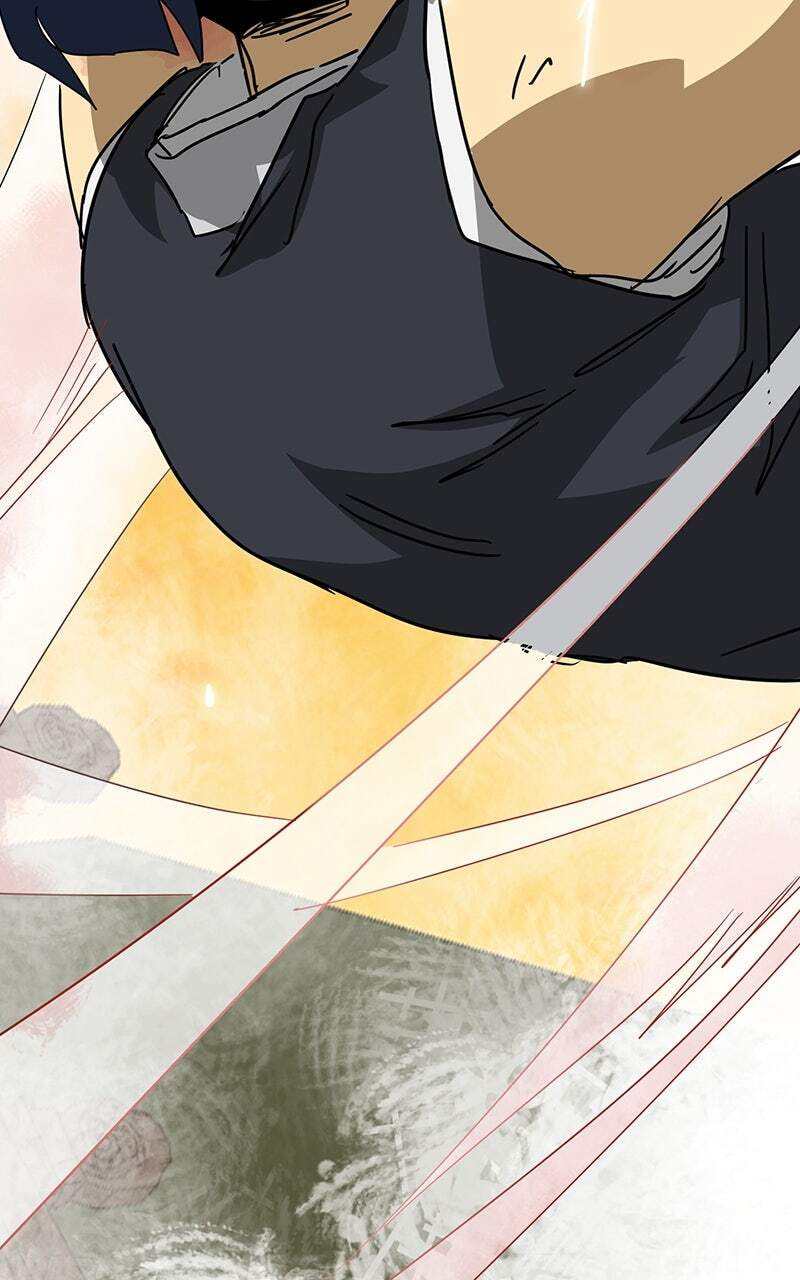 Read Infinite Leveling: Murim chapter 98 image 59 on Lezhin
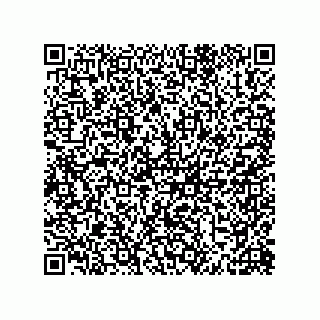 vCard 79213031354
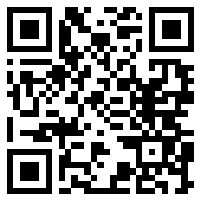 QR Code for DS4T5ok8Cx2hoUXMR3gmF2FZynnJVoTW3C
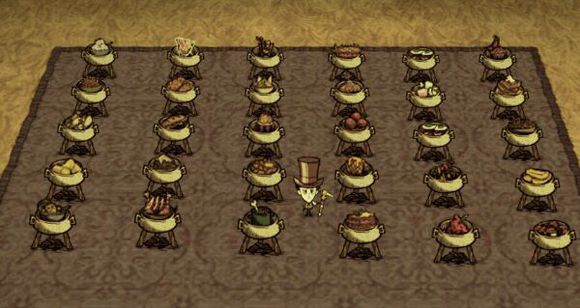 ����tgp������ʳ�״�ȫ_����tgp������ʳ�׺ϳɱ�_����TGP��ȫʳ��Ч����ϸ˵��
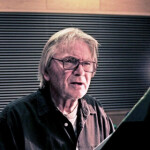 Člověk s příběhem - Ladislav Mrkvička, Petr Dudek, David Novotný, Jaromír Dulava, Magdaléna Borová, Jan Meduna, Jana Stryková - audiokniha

■ ■ ■ ■

■ **ACTIVITY**:
Only the pictures stay out; the rest of the entries above must be written out exactly.

■ **FINAL ANSWER**:
 Read Infinite Leveling: Murim chapter 98 image 59 on Lezhin
 vCard 79213031354
 QR Code for DS4T5ok8Cx2hoUXMR3gmF2FZynnJVoTW3C
 ����tgp������ʳ�״�ȫ_����tgp������ʳ�׺ϳɱ�_����TGP��ȫʳ��Ч����ϸ˵��
 Člověk s příběhem - Ladislav Mrkvička, Petr Dudek, David Novotný, Jaromír Dulava, Magdaléna Borová, Jan Meduna, Jana Stryková - audiokniha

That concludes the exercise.